## Work to complete
The answer must be an exact reprint of the lines from the one with "گوشی پلمپ آنر" through the final line of the data, with no pictures included.

## Data listing

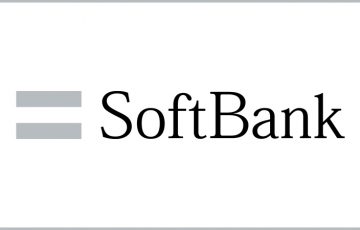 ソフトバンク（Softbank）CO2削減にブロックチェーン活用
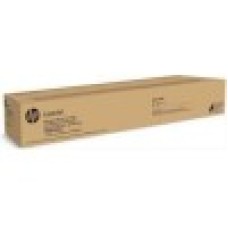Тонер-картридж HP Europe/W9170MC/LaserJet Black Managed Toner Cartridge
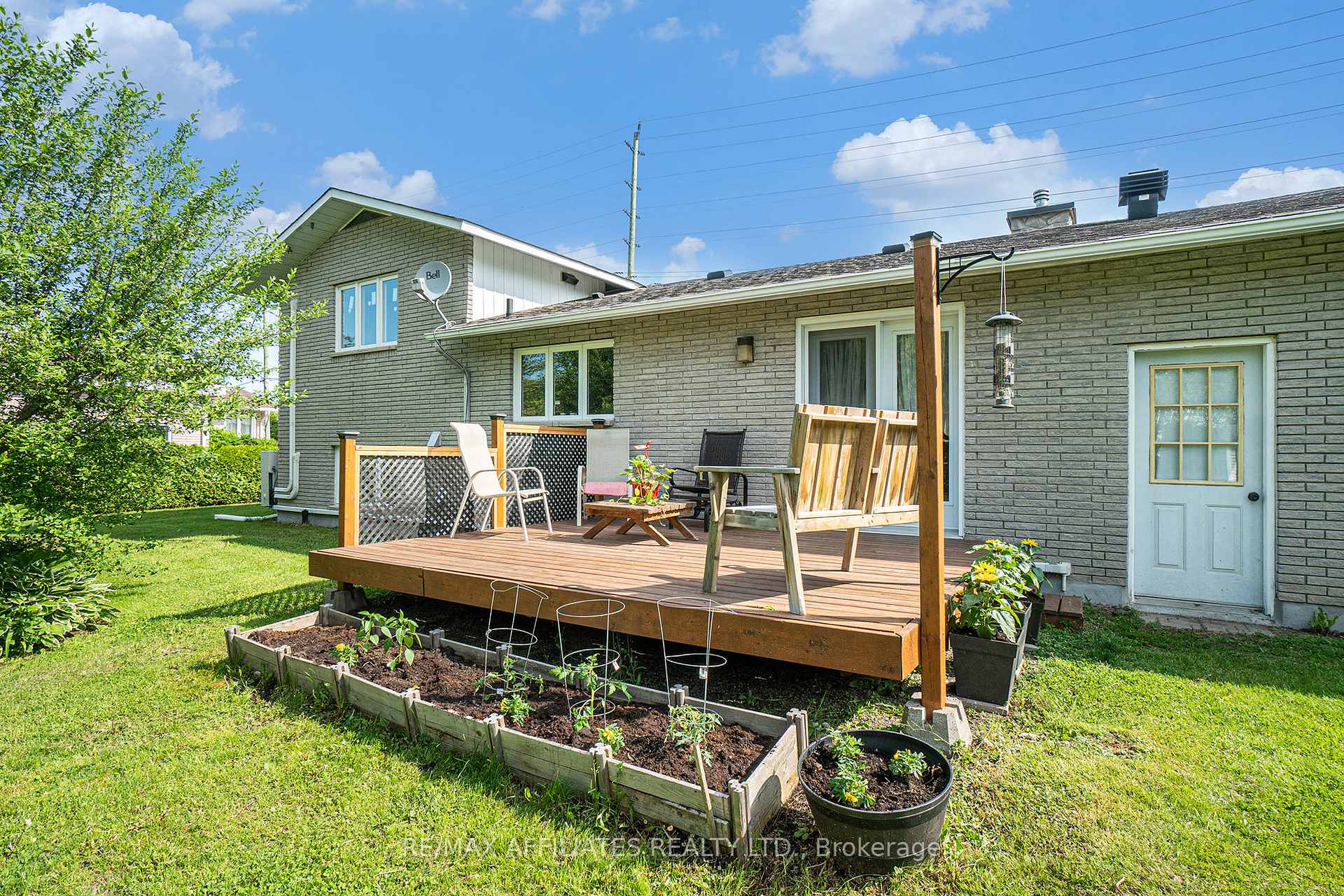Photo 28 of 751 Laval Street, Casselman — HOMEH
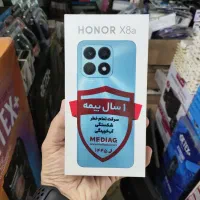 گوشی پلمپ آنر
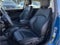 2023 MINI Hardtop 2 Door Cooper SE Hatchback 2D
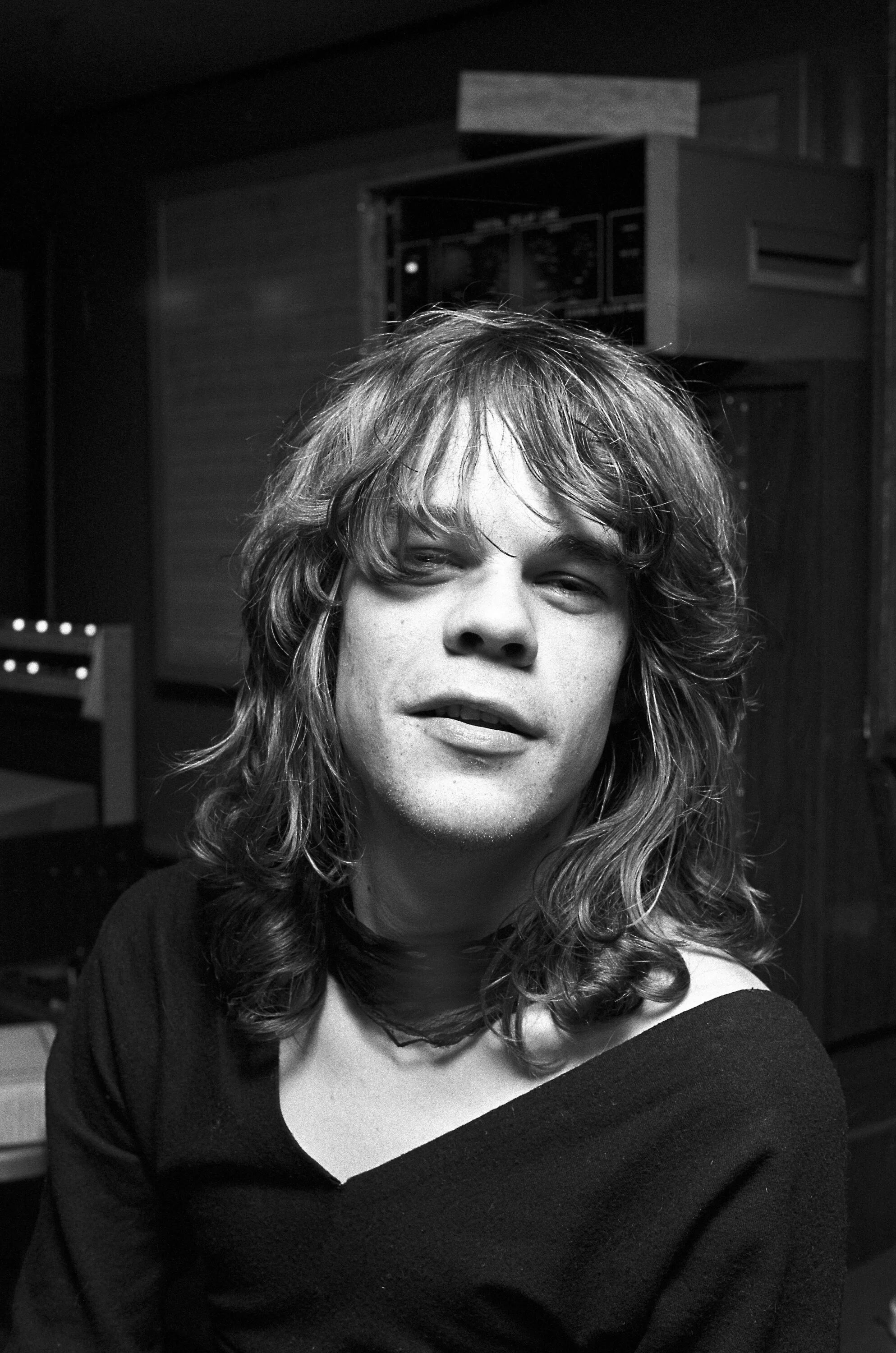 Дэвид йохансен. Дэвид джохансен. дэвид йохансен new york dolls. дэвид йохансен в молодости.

## The answer
 گوشی پلمپ آنر
 2023 MINI Hardtop 2 Door Cooper SE Hatchback 2D
 Дэвид йохансен. Дэвид джохансен. дэвид йохансен new york dolls. дэвид йохансен в молодости.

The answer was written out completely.